Around Cook County
The Cook County Environmental Health Department is offering free radon testing kits.
The Minnesota Department of Health recommends that all homes be tested for radon. It’s the only way to know if your home has an elevated level of radon, which can cause lung cancer. Radon is an odorless, colorless and tasteless radioactive gas that occurs naturally in Minnesota soils and can enter homes through cracks and openings in basement or foundation floors and walls.
To obtain a free test kit, visit the Cook County Planning and Zoning Department located on the main floor of the courthouse.
It is believed that every 25 minutes, one person in the U.S. dies from radon-related lung cancer. It is the largest environmental cancer risk and the leading cause of lung cancer among non-smokers. Fortunately, the risk is largely preventable.
MDH estimates that one in three existing Minnesota homes have radon levels that pose a large health risk over many years of exposure. Radon is the second leading cause of lung cancer in the United States and more than 21,000 deaths are attributed to radon each year.
Testing is easy, inexpensive and only takes three to five days.
At the Wednesday, January 8 meeting of the Grand Marais City Council, City Administrator Mike Roth recommended reducing the number of Grand Marais Park Board members from seven to five. Roth said the board hasn’t had seven members in a long time.
The city council agreed and voted to reduce membership from seven to five. An ordinance to make the change will be drawn up, with the first reading at council’s next meeting.

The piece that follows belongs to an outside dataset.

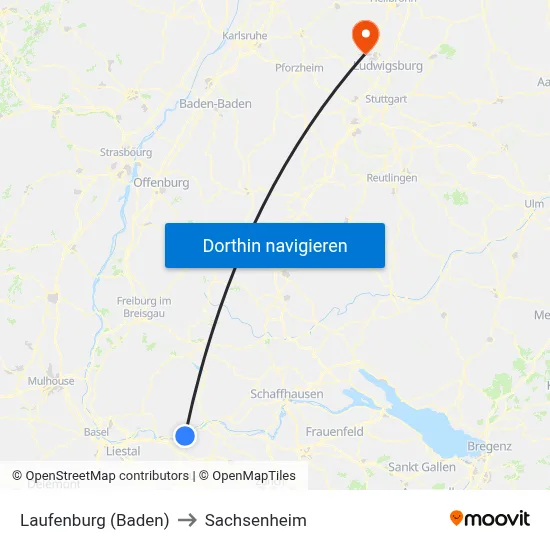 Laufenburg (Baden) to Sachsenheim map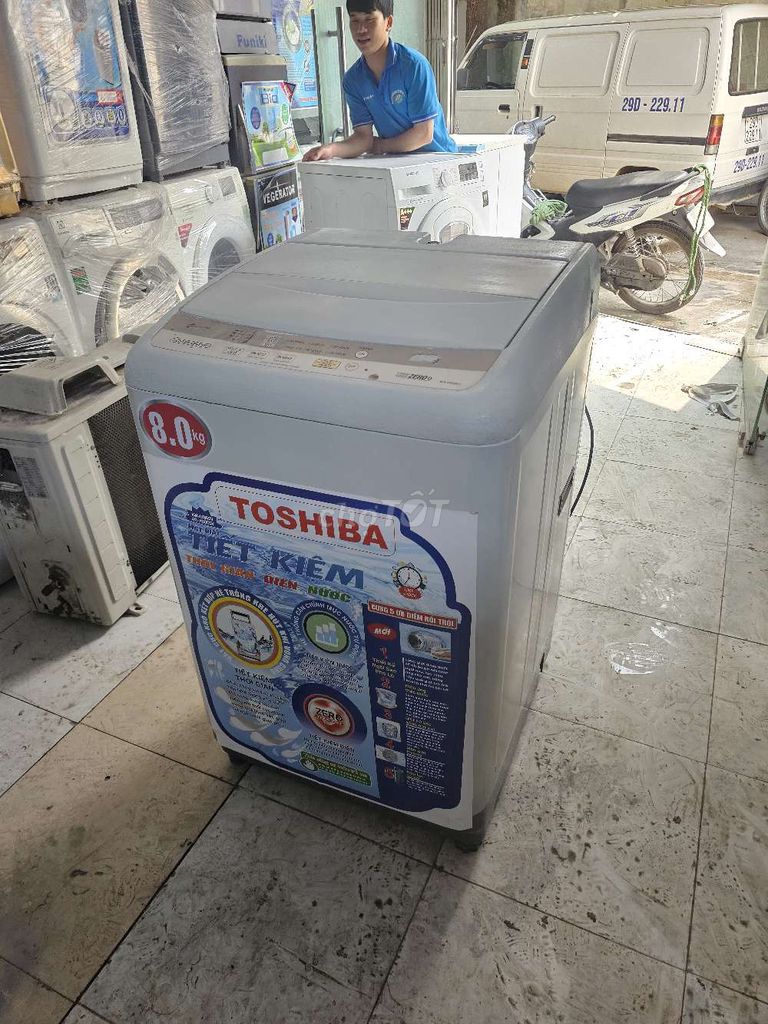 Máy giặt Toshiba 8.0kg Xám Đã sử dụng. Mua bán Máy giặt tại Quận Thanh Xuân Hà Nội được đăng bởi Máy Giặt Tủ Lạnh Hà Nội hình 1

The park board is now comprised of new appointee James Dusheck, Walt Mianowski, Bill Lenz, Robin DuChien and Sally Berg. The terms of Tracy Benson and Paul Anderson expired at the end of 2013, and neither sought re-appointment.
Celebrate entrepreneurial leadership and successes in the Twin Ports and Minnesota’s Northeast Region by recognizing entrepreneurs who have followed their dreams and taken on inordinate risks to forge ahead, meeting the challenges of today’s economic reality.
In its 22nd year of celebrating entrepreneurial excellence, the UMD Center for Economic Development has issued the call for nominations. A business may be nominated for an award by a customer, client, employee, vendor or a private citizen who wants to recognize a business owner. Business people and organizations from throughout the region are encouraged to participate in the nomination process by completing the online nomination form.
Award recipients will be announced at the 22nd Annual Joel Labovitz Entrepreneurial Success Awards Luncheon during the U.S. Small Business Administration’s (SBA) Small Business Week on April 23 at the DECC.
To nominate a business visit umdced.com. Nominations deadline is Feb. 28.
Thursday night over 1500 people crowded into the DECC ballroom to hear presentations, and give input and ask questions about the proposed PolyMet copper mining operation at Hoyt Lakes. WTIPs Jay Andersen spoke with Duluth News Tribune reporter John Myers who attended the meeting.
In response to requests that the city of Grand Marais has received in recent months, both the planning commission and city council recommended last week that the Grand Marais zoning ordinance be amended to accommodate growing businesses.
At issue is a request to establish a microbrewery in the downtown C-1 district. There has been a similar past request, as well as a request for a coffee roasting business, but City Administrator Mike Roth noted that such “light manufacturing and processing” enterprises currently best fit in the Commercial-Industrial (C/I) zone with a conditional use permit. That means they’d be limited to the Cedar Grove Business Park, said Roth.
Councilor and planning commissioner Tim Kennedy pointed out that the proposed zoning change isn’t really a big one.
Kennedy said, “This is already occurring,” noting that the Beaver House makes and sells lures, the World’s Best Donuts makes and sells donuts, and the Gunflint Mercantile makes and sells fudge. “There are all kinds of things being made in town…this is nothing we haven’t already seen,” he said.
What the planning commission wants to ensure, Kennedy said, is that retail is the primary use of the property. Roth added that the ordinance already addresses concerns and sets limitations on things such as lights, noise, vibration, odors and landscaping. The city doesn’t really care, for instance, how many gallons of a beverage are sold or what percentage of space is dedicated for retail, but is more concerned with how the business fits in with the neighborhood, said Roth.